This might be used for editing an existing post on a blog, updating a record in a CRM — anything where the operation is replacing an existing resource.

DELETE

Perhaps the simplest of all to understand, a DELETE request instructs the server to delete the resource identified by the given URL.

So, to continue our messages example, we might request:

DELETE /message/123

in order to delete the message with the ID 123.

The right verb for the right job

Choosing a verb can be difficult. There are three things to consider: the semantic qualities of the API you’re creating; the practicalities of clients; and the qualities of safeness and idempotency.

The first concern is fairly straightforward: it’s basically the answer to the question “which verb reveals my intentions the most clearly?”. So if the request will delete a resource, it makes most sense for that request to be a DELETE; if the request will modify an existing resource, you might choose PUT; and so on.

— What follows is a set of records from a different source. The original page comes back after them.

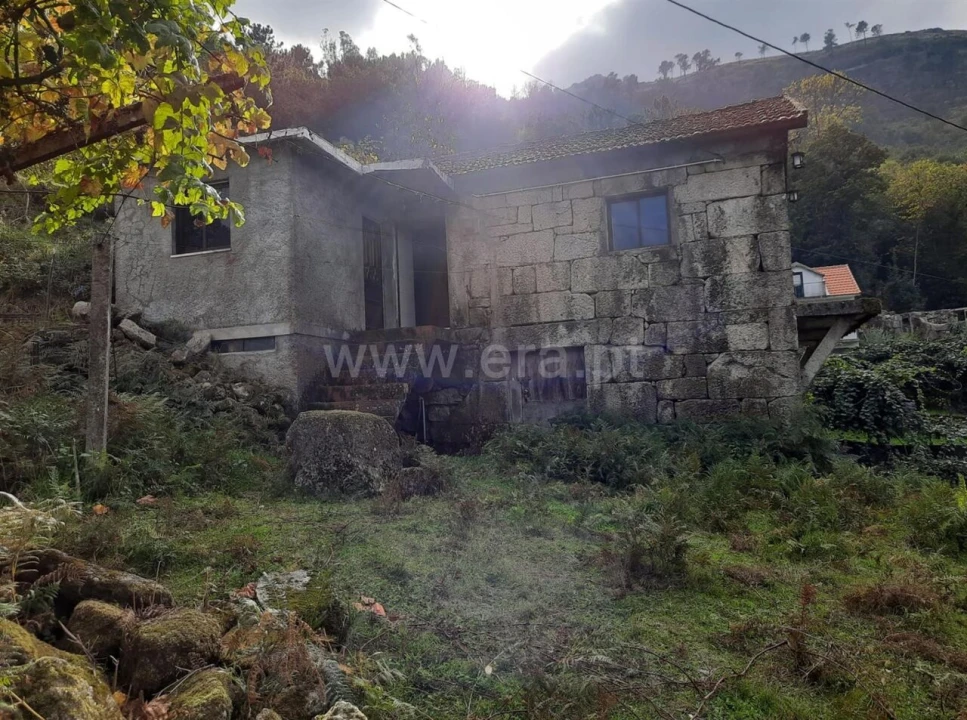 Quinta T2 para Venda em Tendais Foto 2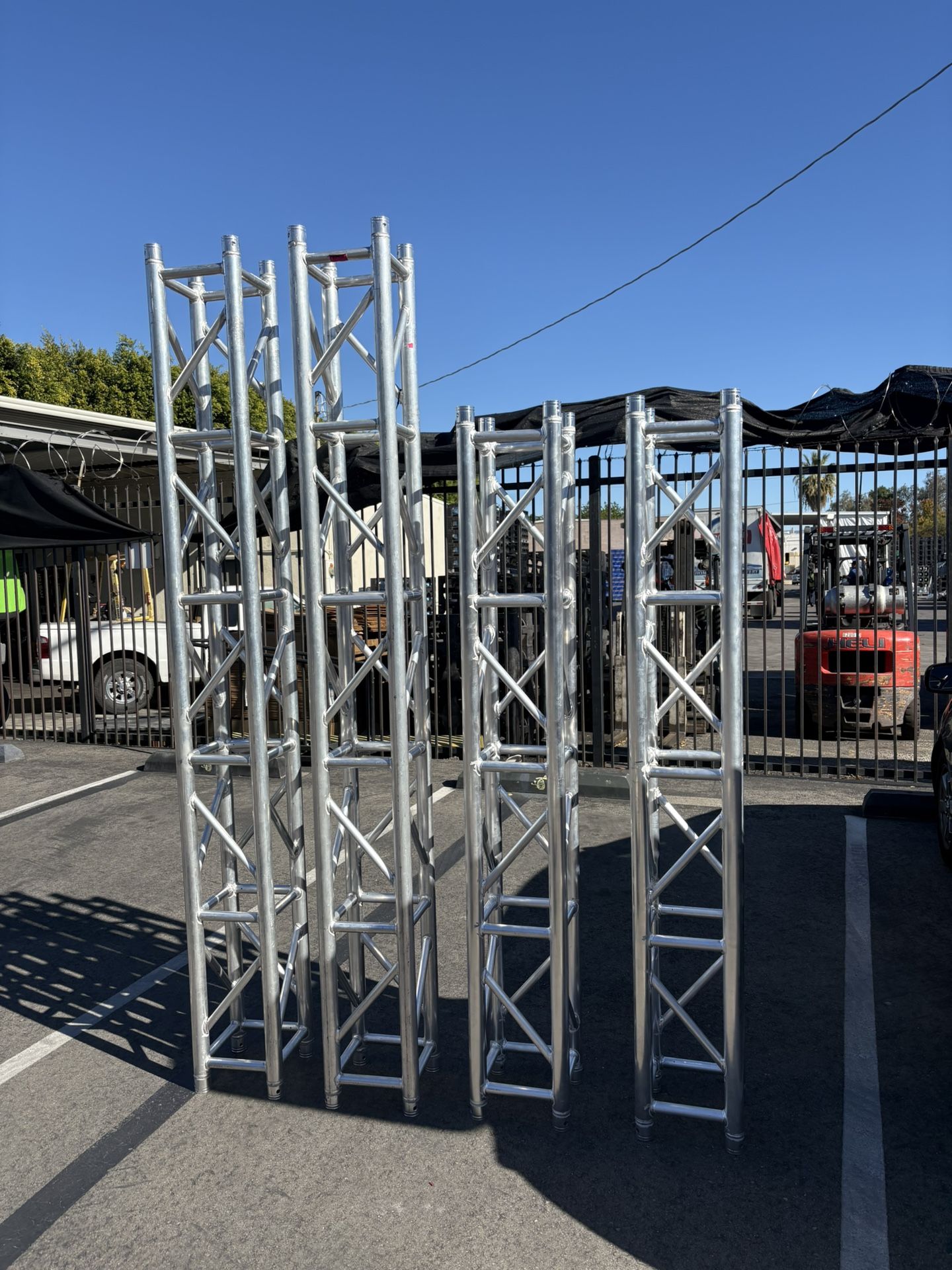 Aluminum Truss 8ft and 6ft with base plates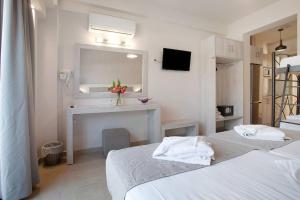 Paradise Zante One Bedroom Suite 2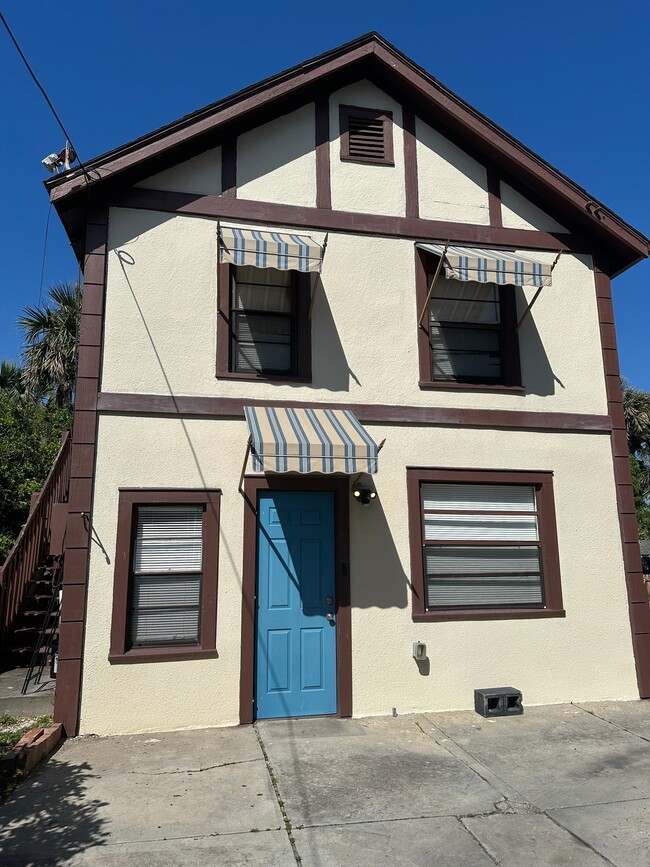 property at 919 N Grandview Ave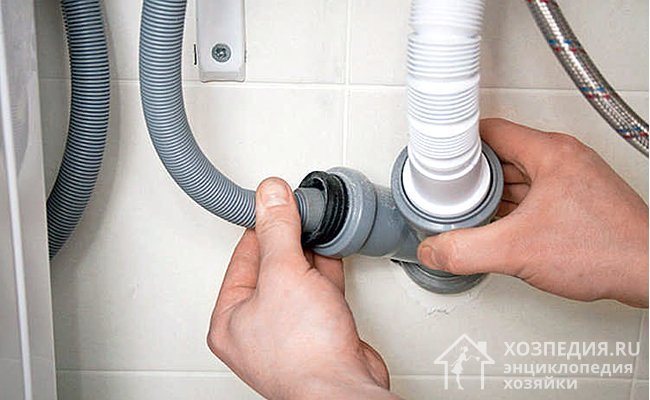Damage to the drain hose and its incorrect connection are the most common causes of the LE error.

The second is more tricky. Browsers, even modern ones, typically allow forms to make only GET and POST requests. Other methods can be used via JavaScript, but if you’d like your actions to be accessible from a regular form, you need to limit yourself to just GET and POST.

Anne van Kesteren has a useful article, albeit from 2007, that outlines the browser support for request methods in AJAX calls.

For the third concern, we’ll need to dig a little deeper.

Safe requests

A request is considered to be “safe” if it doesn’t modify resources. GET and HEAD requests should always be safe; they’re meant to return resources, not alter them.

This has implications for caching; since safe methods don’t alter resources, they can generally be safely cached without fear of altering behaviour.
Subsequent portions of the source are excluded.